Anthony (Anthony Hopkins) es un ingeniero octogenario que sufre algún tipo de demencia senil y una inevitable degradación de su memoria. Su hija Anne (Olivia Colman) se ocupa de manera concienzuda y metódica de él, aunque en su horizonte está instalarse de forma permanente en París y dejarlo al cuidado de la joven Laura ( Imogen Poots).

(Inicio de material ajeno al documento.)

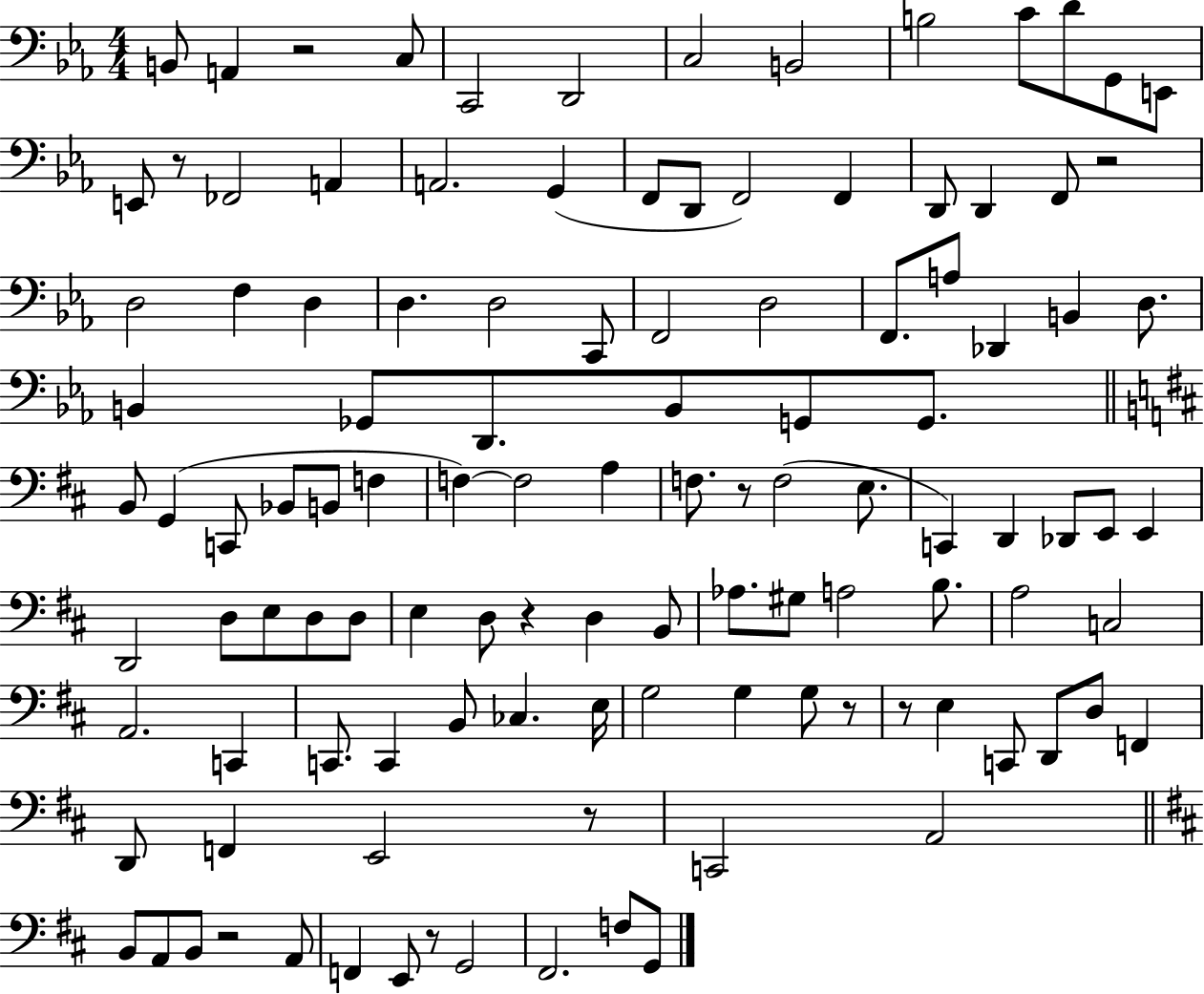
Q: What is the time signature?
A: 4/4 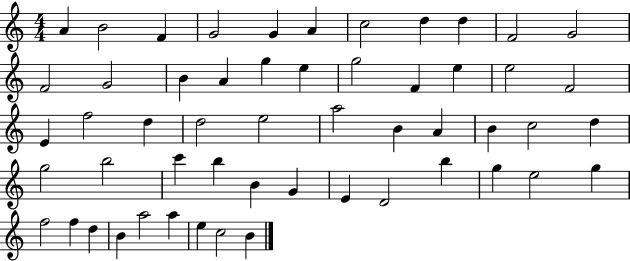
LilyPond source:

{
  \clef treble
  \numericTimeSignature
  \time 4/4
  \key c \major
  a'4 b'2 f'4 | g'2 g'4 a'4 | c''2 d''4 d''4 | f'2 g'2 | \break f'2 g'2 | b'4 a'4 g''4 e''4 | g''2 f'4 e''4 | e''2 f'2 | \break e'4 f''2 d''4 | d''2 e''2 | a''2 b'4 a'4 | b'4 c''2 d''4 | \break g''2 b''2 | c'''4 b''4 b'4 g'4 | e'4 d'2 b''4 | g''4 e''2 g''4 | \break f''2 f''4 d''4 | b'4 a''2 a''4 | e''4 c''2 b'4 | \bar "|."
} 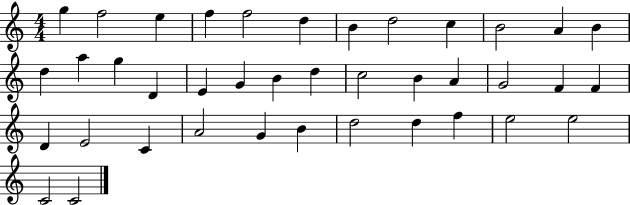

Esta suerte de sinopsis es, a todas luces, refutable, inexacta, ya que en este debut en la dirección del dramaturgo y guionista Florian Zeller todo luce lleno de contradicciones, vueltas de tuerca, revelaciones inesperadas. Es que, al asumir el punto de vista de alguien con un creciente trastorno neurocognitivo, lo que en una escena parece algo evidente e incuestionable se transforma en otra cosa completamente distinta en la siguiente.
¿Es el viaje a París algo inminente? ¿Es el amplio departamento propiedad de Anthony desde hace muchos años o en verdad Anne y su marido Paul (Rufus Sewell) lo han llevado allí para tenerlo cerca? ¿Por qué aparecen en escena un hombre (Mark Gattis) y una mujer (Olivia Williams) que cambian la percepción y las supuestas certezas del protagonista y, por lo tanto, también del público? Todo eso se irá resolviendo en un film que cabalga entre el drama familiar y elementos más ligados al thriller psicológico (y por momentos casi propios del terror) en un viaje a la desorientación que compartiremos con Anthony.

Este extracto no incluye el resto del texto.